When Krusty fails to entertain the audience at one of his shows, Lisa attempts to make Krusty look better. After pushing Krusty off the diving board, the entire audience laughs at Krusty and praises Lisa, whose mind is swept with fame and fortune. Krusty is warned by his agent that Lisa's popularity may steal his spotlight. One evening, Krusty is running late for a rehearsal, and the program directors offer Lisa the opportunity to fill in. Dressed in a clown outfit, she performs Krusty's monologue, then when Krusty finally arrives he finds out the network has hired Lisa to replace him, renaming the show "The Lisa Show". As Krusty is relegated to a local late-night talk show, Lisa becomes an overnight success, but Sideshow Mel warns Lisa not to overdo her pride.
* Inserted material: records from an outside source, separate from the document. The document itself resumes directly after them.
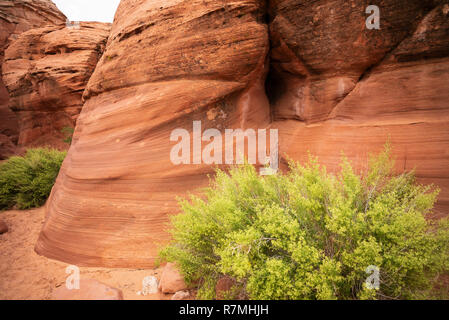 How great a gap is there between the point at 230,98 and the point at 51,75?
7942mm

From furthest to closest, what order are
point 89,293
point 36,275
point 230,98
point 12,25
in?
1. point 12,25
2. point 230,98
3. point 36,275
4. point 89,293

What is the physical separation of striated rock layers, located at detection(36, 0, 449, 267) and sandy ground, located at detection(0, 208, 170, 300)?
190 millimetres

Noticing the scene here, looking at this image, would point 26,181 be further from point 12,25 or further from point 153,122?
point 12,25

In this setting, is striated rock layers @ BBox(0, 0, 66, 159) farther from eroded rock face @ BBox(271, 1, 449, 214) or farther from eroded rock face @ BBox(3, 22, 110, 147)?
eroded rock face @ BBox(271, 1, 449, 214)

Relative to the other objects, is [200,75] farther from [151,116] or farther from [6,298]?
[6,298]

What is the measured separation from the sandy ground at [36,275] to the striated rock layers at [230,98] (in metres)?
0.19

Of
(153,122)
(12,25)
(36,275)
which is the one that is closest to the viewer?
(36,275)

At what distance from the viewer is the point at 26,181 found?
19.5ft

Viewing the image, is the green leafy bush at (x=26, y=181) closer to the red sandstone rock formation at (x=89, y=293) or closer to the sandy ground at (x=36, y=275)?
the sandy ground at (x=36, y=275)

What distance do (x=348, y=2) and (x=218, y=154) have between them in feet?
10.5

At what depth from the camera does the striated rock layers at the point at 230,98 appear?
310 cm

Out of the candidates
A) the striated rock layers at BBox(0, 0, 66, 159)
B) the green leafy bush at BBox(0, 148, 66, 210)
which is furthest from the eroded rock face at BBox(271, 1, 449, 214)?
the striated rock layers at BBox(0, 0, 66, 159)

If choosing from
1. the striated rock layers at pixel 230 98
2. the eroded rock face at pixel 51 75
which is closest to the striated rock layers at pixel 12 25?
the eroded rock face at pixel 51 75

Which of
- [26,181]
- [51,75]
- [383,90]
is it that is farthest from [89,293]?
[51,75] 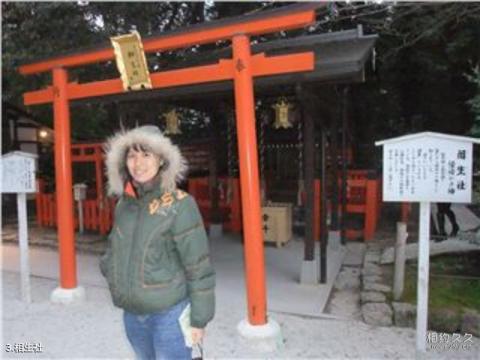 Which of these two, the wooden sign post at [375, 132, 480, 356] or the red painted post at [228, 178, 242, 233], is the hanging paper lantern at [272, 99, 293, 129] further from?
the wooden sign post at [375, 132, 480, 356]

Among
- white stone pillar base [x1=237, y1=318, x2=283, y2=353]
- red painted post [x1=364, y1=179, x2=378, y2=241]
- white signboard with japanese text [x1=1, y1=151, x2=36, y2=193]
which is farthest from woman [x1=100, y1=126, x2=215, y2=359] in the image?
red painted post [x1=364, y1=179, x2=378, y2=241]

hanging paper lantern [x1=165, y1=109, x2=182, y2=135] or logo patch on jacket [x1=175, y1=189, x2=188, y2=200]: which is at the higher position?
hanging paper lantern [x1=165, y1=109, x2=182, y2=135]

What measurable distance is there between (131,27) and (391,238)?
669 centimetres

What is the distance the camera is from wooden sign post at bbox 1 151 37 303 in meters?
5.21

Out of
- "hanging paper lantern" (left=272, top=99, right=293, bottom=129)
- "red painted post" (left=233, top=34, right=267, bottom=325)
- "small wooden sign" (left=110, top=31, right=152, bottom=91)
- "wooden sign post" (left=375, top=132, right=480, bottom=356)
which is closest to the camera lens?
"wooden sign post" (left=375, top=132, right=480, bottom=356)

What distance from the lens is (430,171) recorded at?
382cm

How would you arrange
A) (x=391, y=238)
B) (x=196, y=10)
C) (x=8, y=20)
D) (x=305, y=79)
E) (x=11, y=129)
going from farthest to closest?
(x=11, y=129), (x=196, y=10), (x=8, y=20), (x=391, y=238), (x=305, y=79)

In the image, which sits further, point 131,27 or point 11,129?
point 11,129

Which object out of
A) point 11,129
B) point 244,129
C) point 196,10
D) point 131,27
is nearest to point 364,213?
point 244,129

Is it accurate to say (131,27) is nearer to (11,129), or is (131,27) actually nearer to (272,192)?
(272,192)

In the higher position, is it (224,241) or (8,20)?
(8,20)

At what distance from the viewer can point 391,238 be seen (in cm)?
838

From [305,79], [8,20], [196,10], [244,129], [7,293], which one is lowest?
[7,293]

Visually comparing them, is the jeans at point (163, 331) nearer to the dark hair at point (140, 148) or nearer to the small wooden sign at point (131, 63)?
the dark hair at point (140, 148) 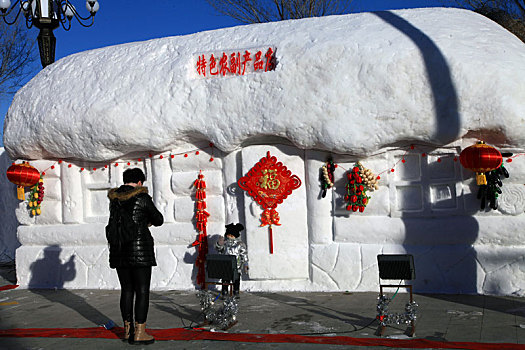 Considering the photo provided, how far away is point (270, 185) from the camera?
732 cm

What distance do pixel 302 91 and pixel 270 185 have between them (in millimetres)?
1262

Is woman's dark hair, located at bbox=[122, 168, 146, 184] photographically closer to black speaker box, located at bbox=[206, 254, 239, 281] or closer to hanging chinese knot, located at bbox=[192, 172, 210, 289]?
black speaker box, located at bbox=[206, 254, 239, 281]

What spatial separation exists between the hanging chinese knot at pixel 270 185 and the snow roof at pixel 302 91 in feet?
1.34

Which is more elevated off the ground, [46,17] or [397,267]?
[46,17]

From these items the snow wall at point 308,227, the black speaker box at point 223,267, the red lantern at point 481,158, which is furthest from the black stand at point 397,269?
the snow wall at point 308,227

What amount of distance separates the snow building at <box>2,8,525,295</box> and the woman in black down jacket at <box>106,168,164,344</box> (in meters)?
2.48

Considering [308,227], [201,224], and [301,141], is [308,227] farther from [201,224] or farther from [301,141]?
[201,224]

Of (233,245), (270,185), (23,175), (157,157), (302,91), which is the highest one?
(302,91)

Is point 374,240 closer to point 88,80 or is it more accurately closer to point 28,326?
point 28,326

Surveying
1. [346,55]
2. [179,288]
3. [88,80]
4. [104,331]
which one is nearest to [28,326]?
[104,331]

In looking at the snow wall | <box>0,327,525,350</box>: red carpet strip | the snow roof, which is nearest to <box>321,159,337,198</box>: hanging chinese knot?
the snow wall

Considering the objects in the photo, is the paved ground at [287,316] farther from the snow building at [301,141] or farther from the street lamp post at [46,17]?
the street lamp post at [46,17]

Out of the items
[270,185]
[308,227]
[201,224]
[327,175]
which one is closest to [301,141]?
[327,175]

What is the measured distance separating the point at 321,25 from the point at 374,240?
2883mm
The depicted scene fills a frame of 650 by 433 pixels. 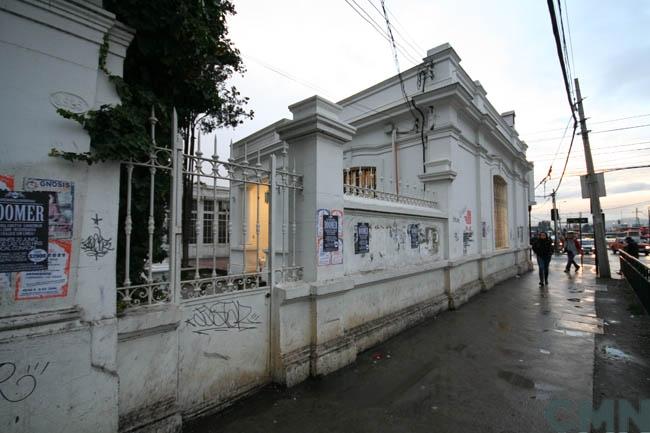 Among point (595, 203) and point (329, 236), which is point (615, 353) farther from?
point (595, 203)

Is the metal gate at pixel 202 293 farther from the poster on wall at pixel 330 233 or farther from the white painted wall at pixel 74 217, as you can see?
the poster on wall at pixel 330 233

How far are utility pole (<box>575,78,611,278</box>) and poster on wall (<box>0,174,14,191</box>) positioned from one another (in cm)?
1543

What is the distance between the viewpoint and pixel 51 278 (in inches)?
84.4

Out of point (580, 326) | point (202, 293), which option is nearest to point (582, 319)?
point (580, 326)

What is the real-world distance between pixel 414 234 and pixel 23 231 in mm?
5688

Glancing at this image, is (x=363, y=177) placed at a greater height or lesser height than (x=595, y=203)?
greater

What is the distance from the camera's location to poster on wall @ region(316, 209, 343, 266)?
13.0 feet

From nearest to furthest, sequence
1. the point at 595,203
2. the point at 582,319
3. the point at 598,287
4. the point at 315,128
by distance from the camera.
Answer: the point at 315,128
the point at 582,319
the point at 598,287
the point at 595,203

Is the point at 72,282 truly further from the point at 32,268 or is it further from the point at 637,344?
the point at 637,344

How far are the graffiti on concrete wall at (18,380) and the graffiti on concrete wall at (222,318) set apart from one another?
3.42 feet

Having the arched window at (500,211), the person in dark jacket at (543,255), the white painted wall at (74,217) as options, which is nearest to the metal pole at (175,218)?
the white painted wall at (74,217)

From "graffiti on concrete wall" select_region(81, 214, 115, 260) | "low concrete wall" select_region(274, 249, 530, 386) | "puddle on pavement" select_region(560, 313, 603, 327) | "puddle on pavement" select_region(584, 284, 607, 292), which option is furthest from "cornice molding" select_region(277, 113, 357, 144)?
"puddle on pavement" select_region(584, 284, 607, 292)

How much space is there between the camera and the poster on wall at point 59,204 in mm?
2145

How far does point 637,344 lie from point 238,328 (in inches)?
238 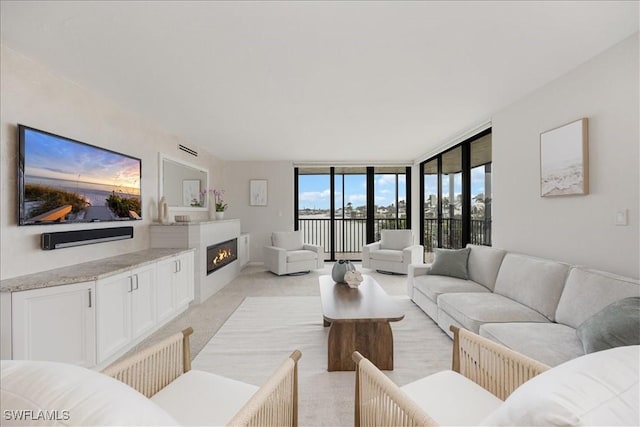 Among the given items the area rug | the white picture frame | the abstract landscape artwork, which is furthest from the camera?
the white picture frame

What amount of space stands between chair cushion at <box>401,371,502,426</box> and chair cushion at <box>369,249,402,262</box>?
14.4 ft

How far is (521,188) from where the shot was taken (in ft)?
10.8

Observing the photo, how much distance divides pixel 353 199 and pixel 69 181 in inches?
219

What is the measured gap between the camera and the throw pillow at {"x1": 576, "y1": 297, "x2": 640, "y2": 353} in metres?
1.55

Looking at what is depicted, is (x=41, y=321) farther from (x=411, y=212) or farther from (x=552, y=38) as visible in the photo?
(x=411, y=212)

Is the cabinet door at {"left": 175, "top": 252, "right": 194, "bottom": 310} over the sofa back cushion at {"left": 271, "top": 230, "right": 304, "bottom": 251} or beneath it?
beneath

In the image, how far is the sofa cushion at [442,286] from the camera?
3.15m

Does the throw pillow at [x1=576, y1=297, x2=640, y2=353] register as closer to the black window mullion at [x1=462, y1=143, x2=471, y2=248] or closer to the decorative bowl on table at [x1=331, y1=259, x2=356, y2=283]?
the decorative bowl on table at [x1=331, y1=259, x2=356, y2=283]

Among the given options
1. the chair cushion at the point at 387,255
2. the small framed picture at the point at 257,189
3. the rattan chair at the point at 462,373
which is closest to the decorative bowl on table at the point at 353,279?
the rattan chair at the point at 462,373

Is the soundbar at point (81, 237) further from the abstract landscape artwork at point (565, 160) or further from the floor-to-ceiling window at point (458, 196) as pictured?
the floor-to-ceiling window at point (458, 196)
The story returns to Lisa proudly accepting her award. After the awards show, Mel reveals to Lisa that he had previously won the Entertainer of the Year Award, and that past winners including himself had their careers killed because of the award by starring in mediocre TV shows and movies. Lisa realizes that she needs to get out of the business while she still can. She runs back out on stage and calls Krusty up, allowing him to be in the spotlight again. Krusty regains his reputation and his show, where he continues to torture Mel for comedy.

Meanwhile, Bart and Homer decide to sell all of Krusty's merchandise in Bart's room. When Comic Book Guy trades a coin album and a bicentennial quarter for the collection, Bart and Homer start coin collecting. After nearly filling the entire collection book, they discover a secret coin slot for the rare 1917 "Kissing Lincolns" penny. Bart and Homer head to a coin auction house in an attempt to buy the "Kissing Lincolns" penny, but Mr. Burns buys it instead for $10 million after Homer bids just $501. Burns does not willingly give Homer the penny, but Homer tricks him into giving it as part of change for a nickel.

==Cultural references==

- The episode's title and plot as well as certain elements and scenes are references to the film All About Eve.
- The pig dressed in the suit is Spider Pig from 2007's The Simpsons Movie.
- The Krustkateers are a reference to the Mouseketeers from Disney's The Mickey Mouse Club.
- The comic book Radioactive Man vs. Muhammad Ali is a parody of the 1978 comic book Superman vs. Muhammad Ali.
- Last Gasp with Krusty the Clown is a reference to Last Call with Carson Daly.
- The dance Nelson practices for Krusty's show is a parody of the famous routine from Flashdance.

==Reception==
In its original run, the episode was watched by 6.11 million viewers.

Since airing, the episode was met with mixed reviews. Robert Canning of IGN said the episode lacked the normal spark and was an average season finale. He also criticized the premise of the main plot for being identical to that of "Bart Gets Famous" and gave the episode a final score of 5.8 out of 10. Although he gave it a lackluster review, he said Homer's storyline, despite being a "time filler", had more laughs. James Greene of Nerve.com put the episode fourth on his list Ten Times The Simpsons Jumped the Shark, criticizing the similarities between the episode and "Bart Gets Famous" and stating that "It's inevitable any program will revisit plot lines twenty years in, but a complete rip of a classic outing is pretty rank." At the Springfield Showbiz Awards, the MC's quote, "We now come to our final award: Entertainer of the Year. An award so prestigious that it recently won the 'Award of the Year' Award at the 2007 Awardie Awards," was nominated for Best Quote of the Week.

John Frink received a Humanitas Award nomination for the script.